The JVC Report is path-breaking in its recommendation that in the case of members of the Armed Forces accused of sexual violence, no sanction for prosecution need be sought, and such accused be tried in a civil court of law. The JVC also recommends amending the AFSPA to this effect. Justice Verma, in an interview, has correctly justified this recommendation by pointing out that no one can be allowed to claim that sexual violence was done in the course of discharging one’s duty! The JVC also recommends review of the AFSPA, in the light of the fact that it has helped create an environment where sexual violence by armed forces has become common in conflict areas. It also recommends setting up of Special Commissioners to monitor the situation of women’s safety from sexual violence in all conflict areas.

The JVC also recommends the principle of command responsibility: i.e that police and army officers be held responsible for custodial sexual violence that take place under their command, and punished with rigorous imprisonment between 7-10 years.


The JVC Report recognises that rape is an expression of power rather than a ‘crime of passion’. And it specifically recognises that sexual assaults on women and children by the State or by private persons in situation of communal or caste violence “deserve to be treated as aggravated sexual offence in law.” It also discusses the question of targeted sexual violence against SC/ST women at length. However, in its specific legislative recommendations, it has omitted to include these categories of sexual violence in the category of aggravated sexual assault. This omission, which goes against the spirit of the JVC Report, must be corrected in the actual process of drafting legislation.

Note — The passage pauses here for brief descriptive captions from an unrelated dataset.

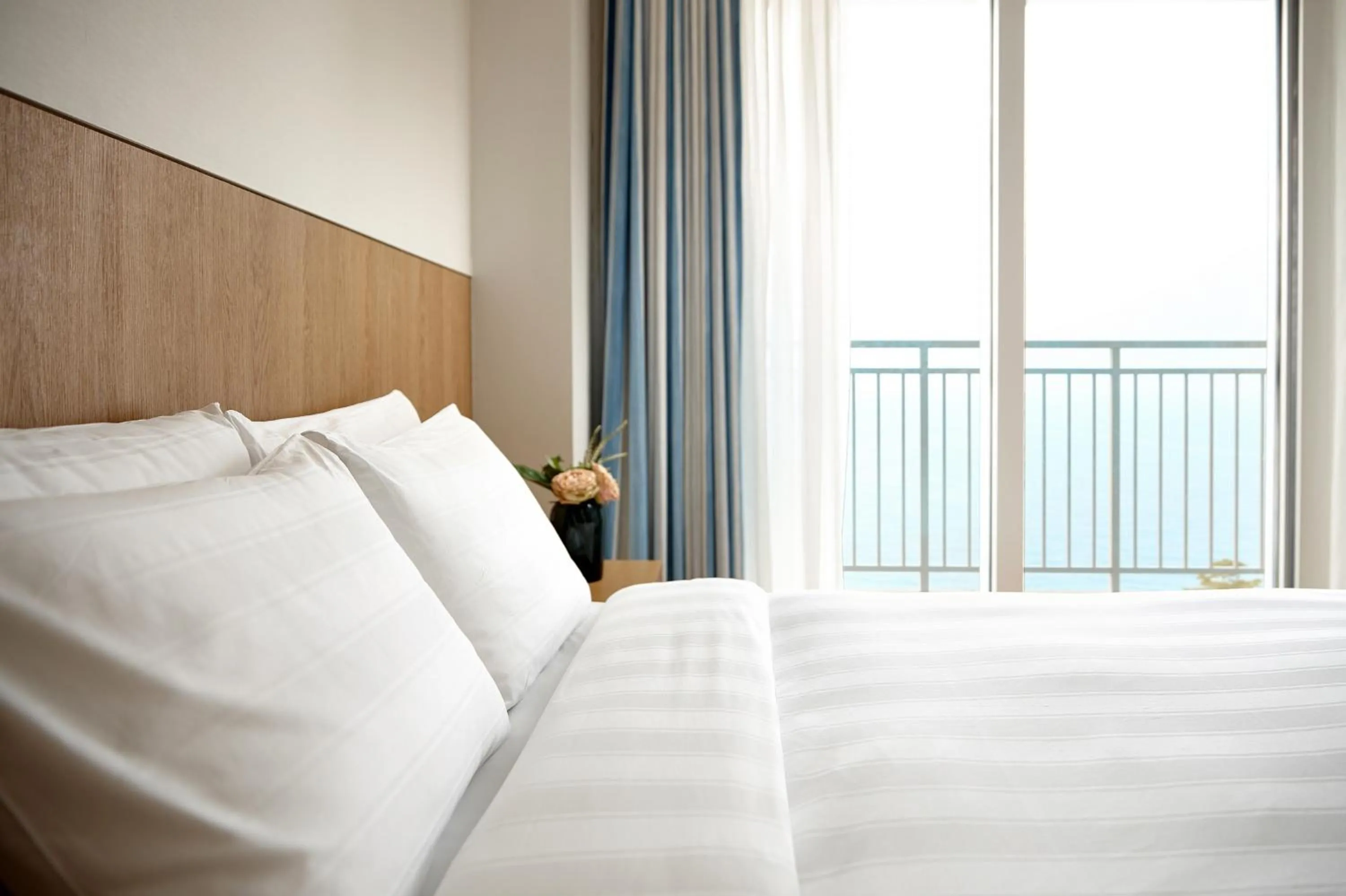 Bed in Lotte Resort Sokcho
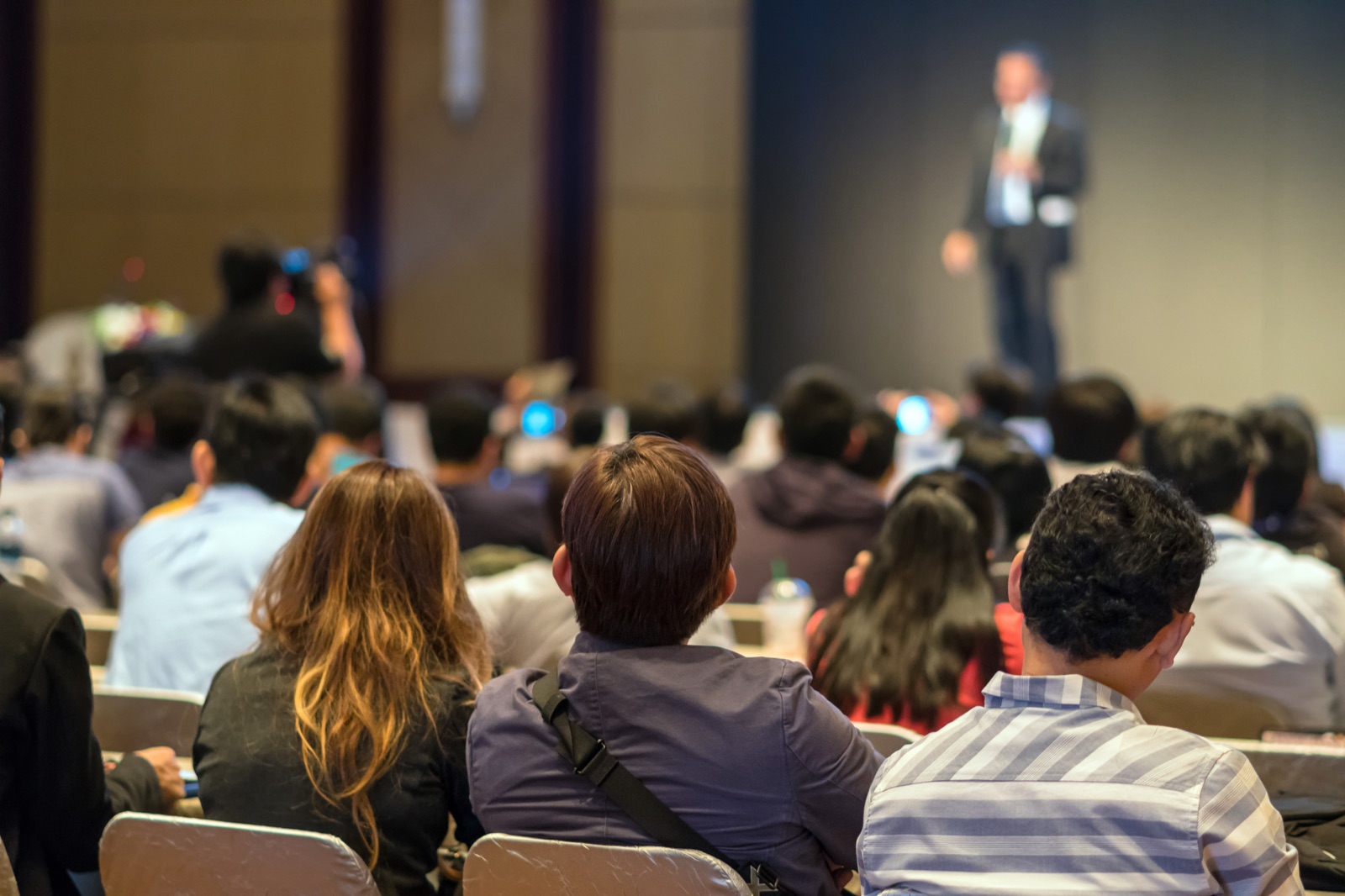 Público a assistir a uma apresentação no palco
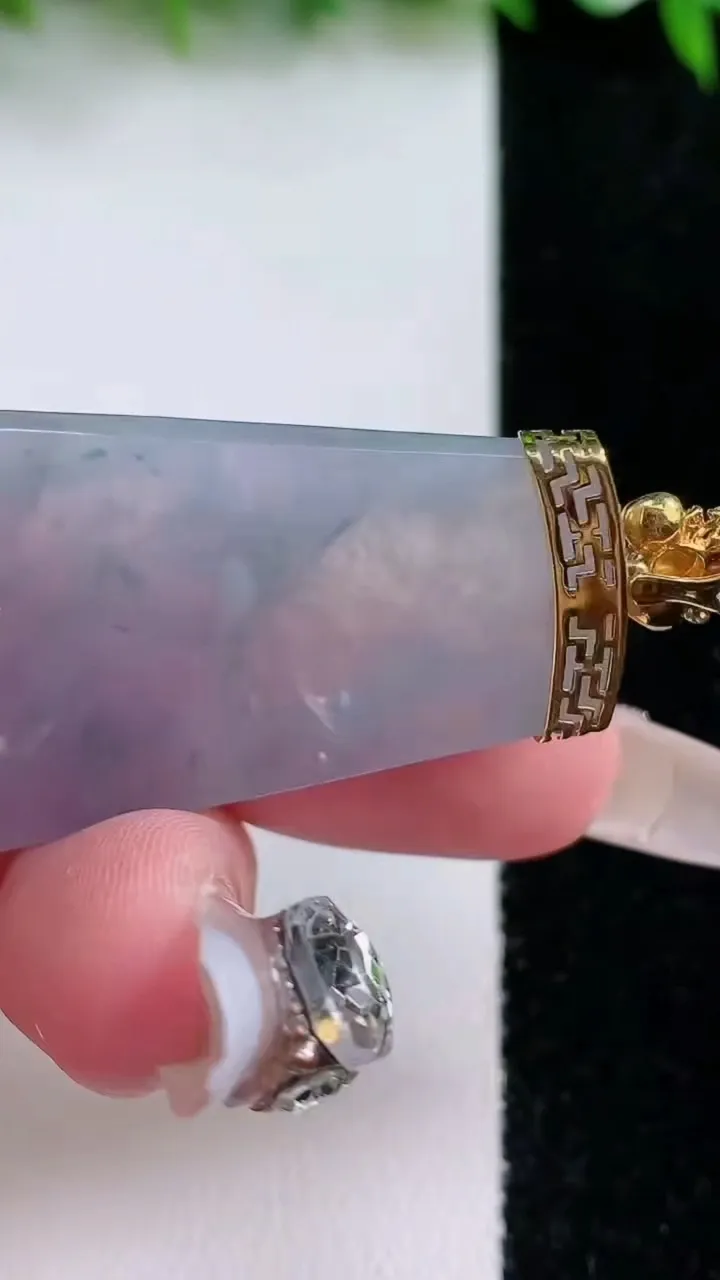 天然A货翡翠18K金紫罗兰无事牌吊坠，尺寸38.5-24.6-3.2，重量:9.00g
1月24日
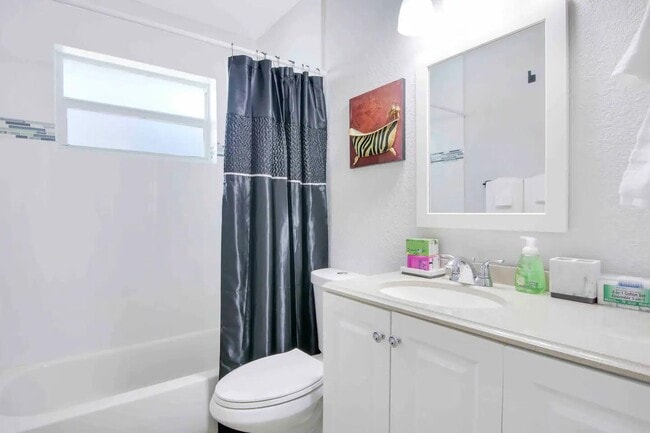 Building Photo - 19185 SE Homewood Ave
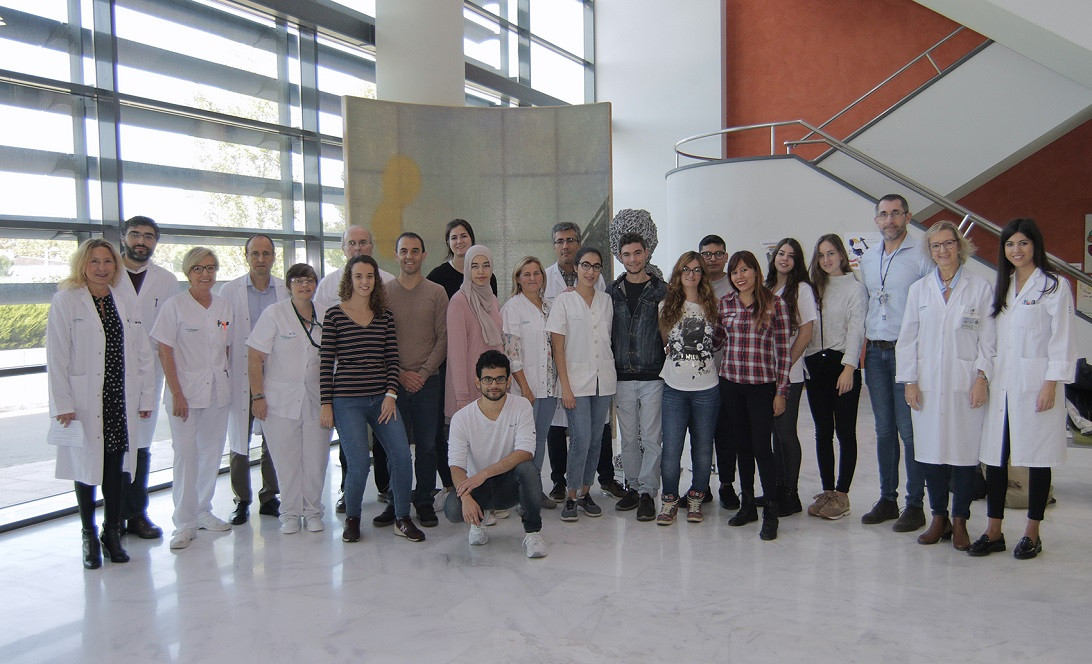 Esta imagen ilustra que: Estudiants de l’IES Cap de Llevant de Maó visiten els Laboratoris de Son Espases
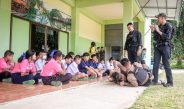 กาญจนบุรี – กองพลทหารราบที่ 9 โดย กรมทหารราบที่ 29 จัดกิจกรรมฝึกอบรมหลักการทั่วไปและการเอาตัวรอดจากเหตุกราดยิงในสถานศึกษา หรือ Active shooter
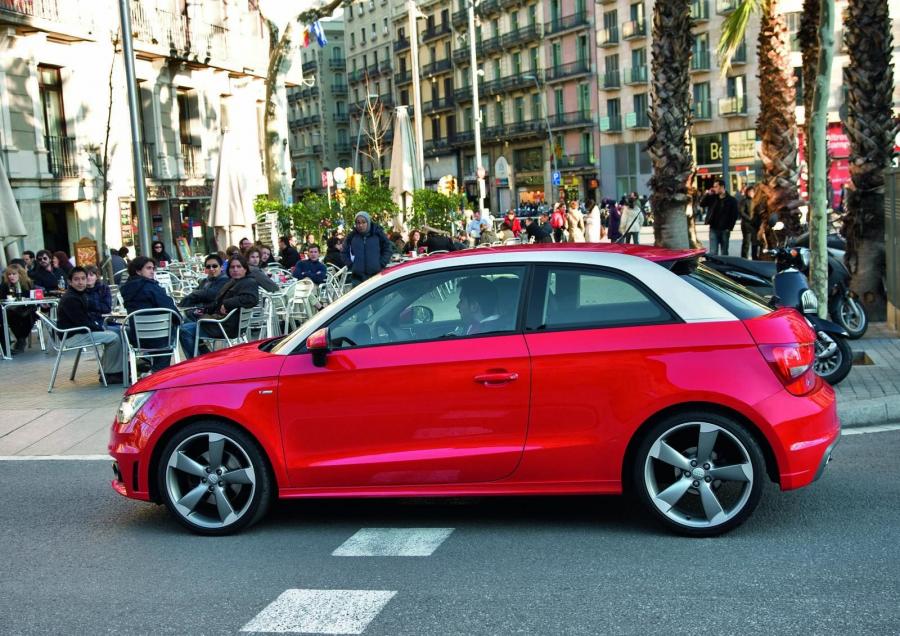  Audi A1 TFSI 2010 года  (фото 8 из 29)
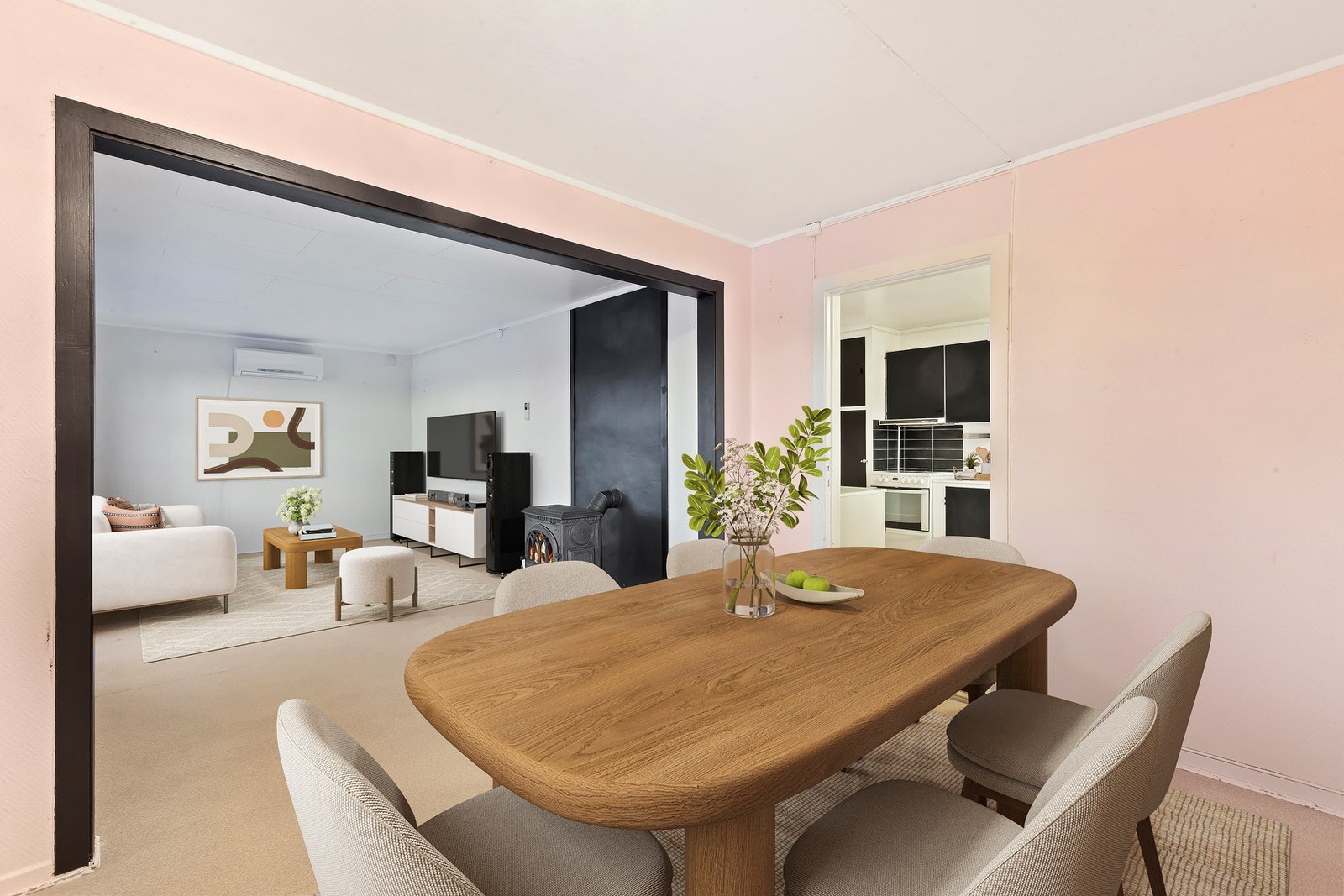 Stuen har god plass til spisebord - perfekt for måltider og samvær. Galleribilde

The JVC report discusses at length the patriarchal attitudes and hostility to women’s rights that continues to permeate the court procedures, and makes several recommendations on recording of evidence, cross-examination, and sentencing, that can make the judicial process gender-just. The JVC also recommends a substantial increase in the number of judges and courts, to ensure speedy justice.

The ‘Bill of Rights’ for women charted out by the JVC – and the body of measures recommended by it to make those rights a reality - is a veritable manifesto for the ongoing movement against sexual violence.



The palpable discomfort of the Central Government as well as of Opposition parties like the BJP with the JVC Report is telling. The UPA Government, for which the JVC was a mere protest management exercise, is now avoiding the eye of the Report submitted by the JVC. The JVC Report has been removed from the Home Ministry’s website! And even the BJP and most other ruling class Opposition parties, have maintained silence on the JVC Report. This is not surprising: the Report hits at the foundations of patriarchy, and the parties which are the pillars of that patriarchy, are understandably discomfited.

It is the ongoing movement which we have to thank for the JVC Report. This movement, which began with empathy for the young fighter whose life was brutally snuffed out, widened the lens and took on the entire patriarchal establishment – challenging misogyny and gender bias and demanding an end to impunity of all perpetrators of sexual violence. Instead of rendering the victims of sexual violence in the contexts of caste and communal violence and state repression invisible, the movement sparked by the Delhi gang-rape has focussed the light on those dark areas in the life of our democracy. In keeping with this spirit, the young protestors observed ‘Republic Day’ in its true spirit: by asserting the liberty and equality of women and all people as citizens, and by declaring the people as the true custodians of the Republic.

The movement has sounded its call – the UPA Government must implement the Justice Verma report – or quit! If the Government and the ruling class political establishment hope to consign the JVC Report to cold storage like countless reports before it, it will have a hard time doing so in the face of a determined people’s movement.